Assumendo, pertanto, che l’ interesse pubblico è l’ interesse che viene reso pubblico dai pubblici poteri, diventa essenziale stabilire chi, all’ interno dei pubblici poteri, è abilitato a convertire un certo interesse in interesse pubblico. Ovviamente, nello stato assoluto, arbitra dell’ operazione è la volontà del sovrano; nello stato costituzionale l’ interesse pubblico è, invece, definito dalla legge; nello stato liberal-democratico la legge è quella deliberata da un Parlamento eletto a suffragio universale o da un Governo che è espressione della maggioranza elettorale ed è munito di potestà legislativa.

Questo semplice fatto (che, cioè, competente ad individuare l’ interesse pubblico è il legislatore, ossia la maggioranza parlamentare) spiega, tra l’ altro, il motivo per il quale interesse collettivi, ma non generali, siano eretti ad interessi pubblici: è sufficiente, infatti, che un certo gruppo sociale, numericamente maggioritario, voti compatto perché la maggioranza parlamentare che ne risulta adotti politiche e misure conformi all’ interesse collettivo del gruppo.

Da quanto detto, quindi, possiamo concludere dicendo che gli interessi pubblici includono non solo gli interessi generali (gli interessi che ogni individuo avverte in quanto cittadino), ma anche gli interessi collettivi, che sono riqualificati come interessi pubblici con la loro assunzione nell’ ambito pubblico.

I modi per soddisfare gli interessi

Da quanto detto risulta evidente che la distinzione tra gli interessi appena delineata non è fondata sul valore o sul pregio comparativo, ma sulle modalità di soddisfazione degli stessi interessi: è, infatti, in virtù di questo parametro che determinati interessi rimangono nella sfera privata, mentre altri vengono trasferiti sul piano collettivo (o pubblico).

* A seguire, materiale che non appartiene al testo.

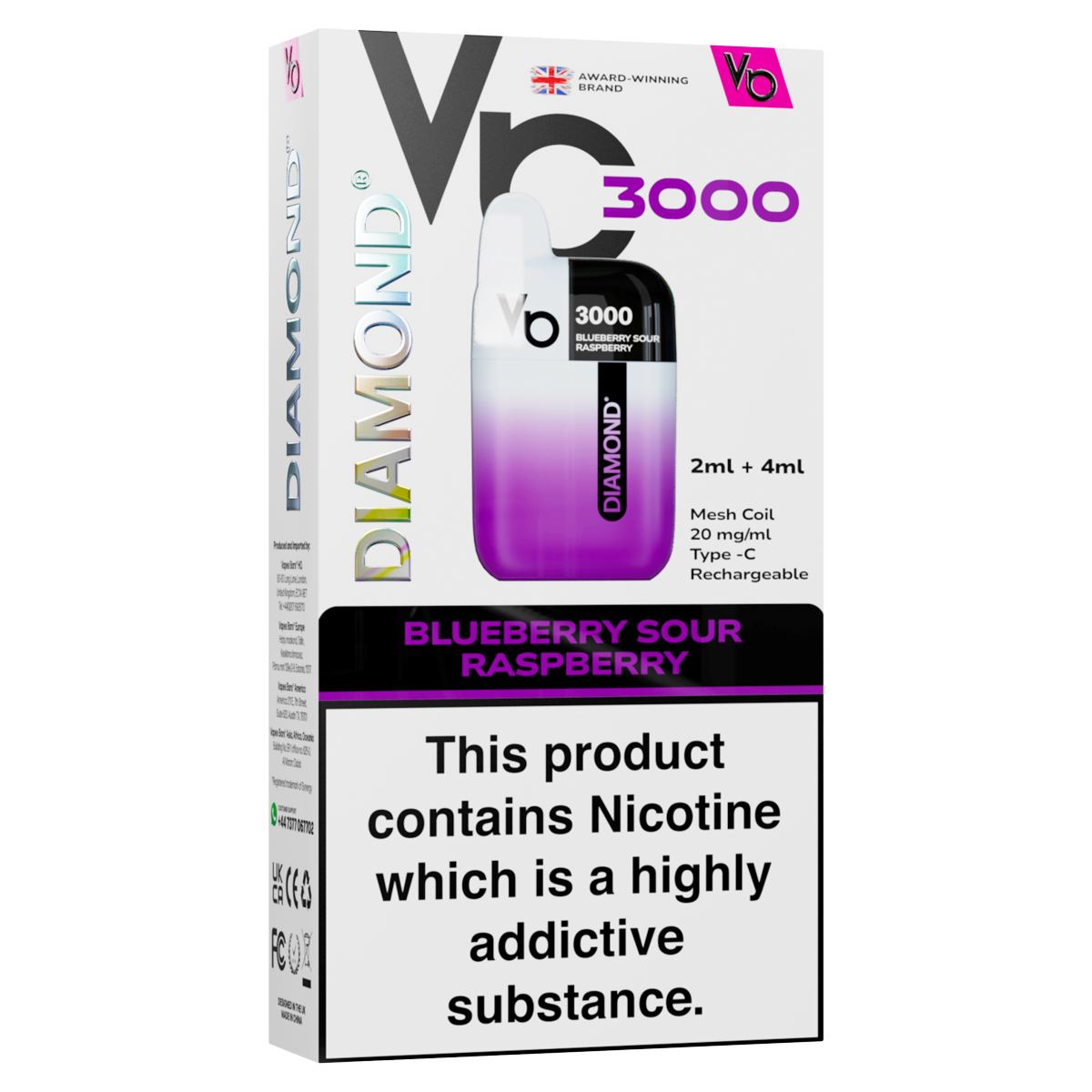 Vapes Bars Diamond 3000 Blueberry Sour Raspberry 20mg/ml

Per comprendere quanto detto, facciamo un esempio: è difficile trovare un interesse più essenziale del cibo, necessario per soddisfare un bisogno elementare; eppure, in quasi tutte le civiltà, l’ agricoltura è stata praticata dai privati nella forma dell’ autoproduzione (prima) e del mercato (poi); allo stesso modo, l’ interesse a circolare corrisponde anch’ esso ad un bisogno essenziale, ma certamente meno essenziale del bisogno del cibo (si può sopravvivere stando sempre nello stesso posto, non si può sopravvivere senza mangiare); eppure dappertutto la libertà di circolazione viene esercitata a mezzo di infrastrutture e di servizi pubblici. Dagli esempi avanzati si capisce, pertanto, che gli interessi generali e gli interessi pubblici, nella prospettiva del singolo, non sono interessi più elevati di tanti altri interessi che rimangono privati; si tratta soltanto di interessi che non possono essere soddisfatti se non con l’ intervento pubblico.

Gli interessi non pubblicizzabili

Non bisogna, però, credere che il processo di moltiplicazione degli interessi sia inarrestabile. Un primo vincolo, infatti, discende dalle costituzioni; ogni costituzione indica (al legislatore) interessi (pubblici) da perseguire, ma nello stesso tempo esclude o vieta che altri interessi siano assunti nella sfera pubblica e qualificati come interessi pubblici: ad es., la Costituzione italiana, mentre, da un lato, impone di organizzare un sistema di sicurezza sociale, una scuola pubblica per tutti gli ordini e gradi, un sistema di assistenza per i cittadini inabili al lavoro e sprovvisti dei mezzi necessari per vivere, dall’ altro, ci dice anche che determinati interessi non possono essere qualificati come interessi pubblici: così, ad es., l’ affermazione della libertà sindacale esclude che i sindacati possano essere qualificati come enti pubblici; così come non possono essere enti pubblici i partiti politici [infatti, la libertà sindacale e partitica, che include anche l’ opzione negativa (cioè, la libertà di non iscriversi ad alcun sindacato o ad alcun partito), comporta che gli interessi tutelati da organismi del genere non possono essere, per definizione, interessi pubblici].

Il secondo limite a carico del legislatore ordinario deriva, invece, dai vincoli europei: il diritto europeo vincola, infatti, il legislatore italiano nella determinazione degli interessi pubblici da soddisfare attraverso la disciplina della politica economica e monetaria.